La gran lógica estratégica de alejarse de la integración global Este-Oeste para centrarse en la integración hemisférica Norte-Sur es completamente acertada: la «globalización» Este-Oeste ha alcanzado su máximo apogeo natural. Actualmente, tres grandes centros de producción/demanda dominan la economía global: América del Norte, Europa y Asia Oriental.
Cada uno de ellos se enfrenta ahora a problemas más “latitudinales” que “longitudinales”. El cambio climático devasta el Sur Global y fortalece al Norte Global, desencadenando migraciones masivas hacia los polos. El colapso demográfico en el Norte atrae aún más estas migraciones masivas.
Trump señala a la inmigración masiva como la gran amenaza a la seguridad nacional de nuestra era (“Sus países se están yendo al infierno”) y la reanudación de la gran estrategia natural de nuestra Unión está completa.

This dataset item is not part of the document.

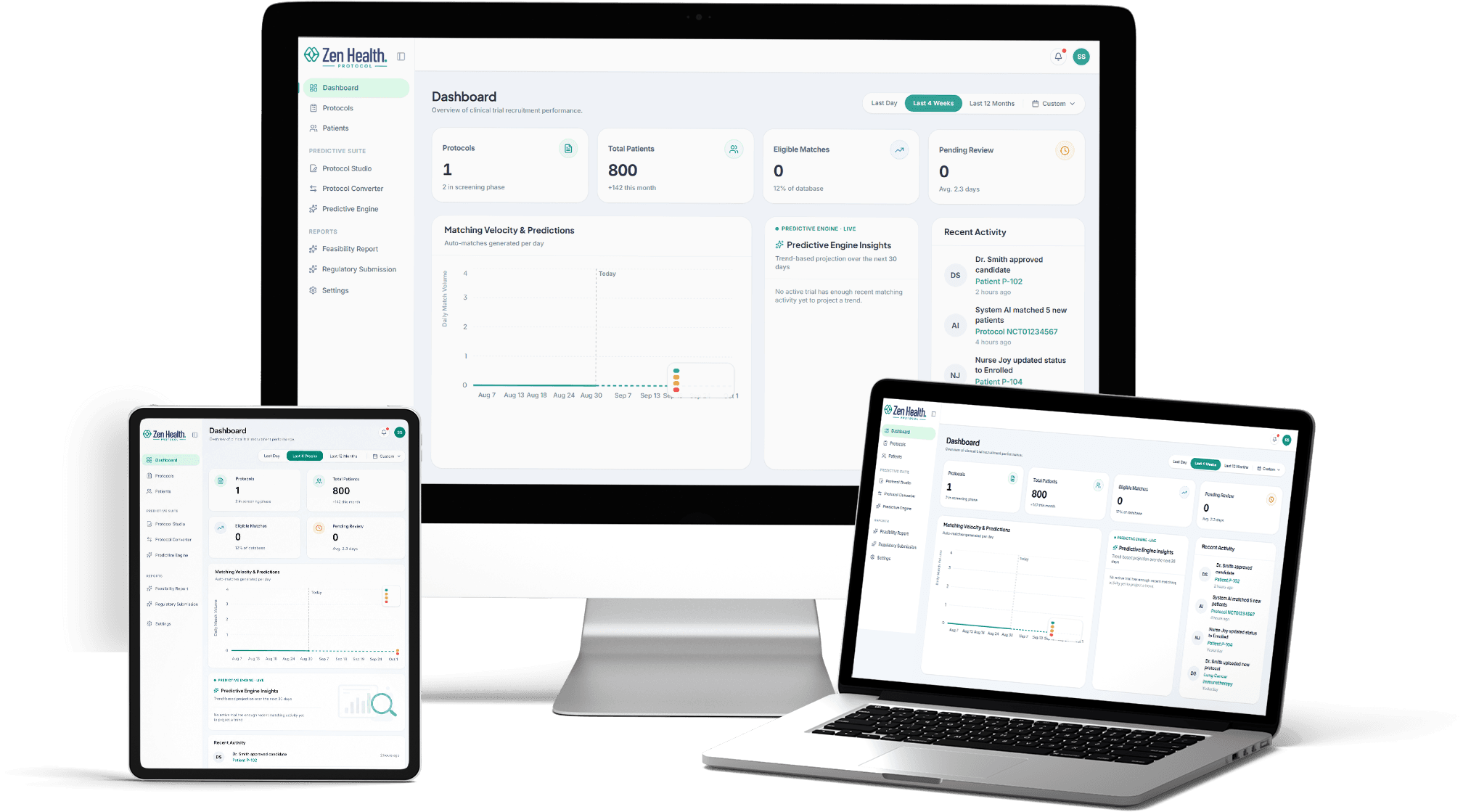 Zen Protocol AI Dashboard - ICH M11 Protocol Authoring & Simulation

Este realineamiento expresa lo que denominé en mi libro de 2023, El Nuevo Mapa de América, una “doctrina de América Primero”: un giro basado no en la nostalgia, sino en realidades estructurales emergentes. La demografía apunta hacia el norte, el clima se endurece hacia el sur y el comercio global se vuelve a regionalizar verticalmente. El camino de menor resistencia ahora va de Alaska a la Patagonia, no a través de océanos, sino dentro de un hemisferio de civilización compartida y mercados convergentes. Trump, instintivamente, si no intelectualmente, canaliza esa lógica.
Lo que une a Monroe, McKinley y Trump es ese recurrente instinto estadounidense de construcción de orden: primero territorial, luego industrial, ahora digital. Monroe trazó el perímetro. McKinley lo llenó. Roosevelt lo movió. Un siglo después, Trump lo reivindica, presentando el hemisferio occidental como la esfera natural del destino de Estados Unidos tras décadas de globalismo distraído. En una época de caos, Trump presenta el repliegue como resurgimiento: la Unión multiestatal de integración renace como un imperio de autosuficiencia.
Esa es la paradoja central de la gran estrategia de Trump: nostálgica y revolucionaria, insular e imperial, defensiva y expansiva. Como él mismo, es todo en todas partes a la vez.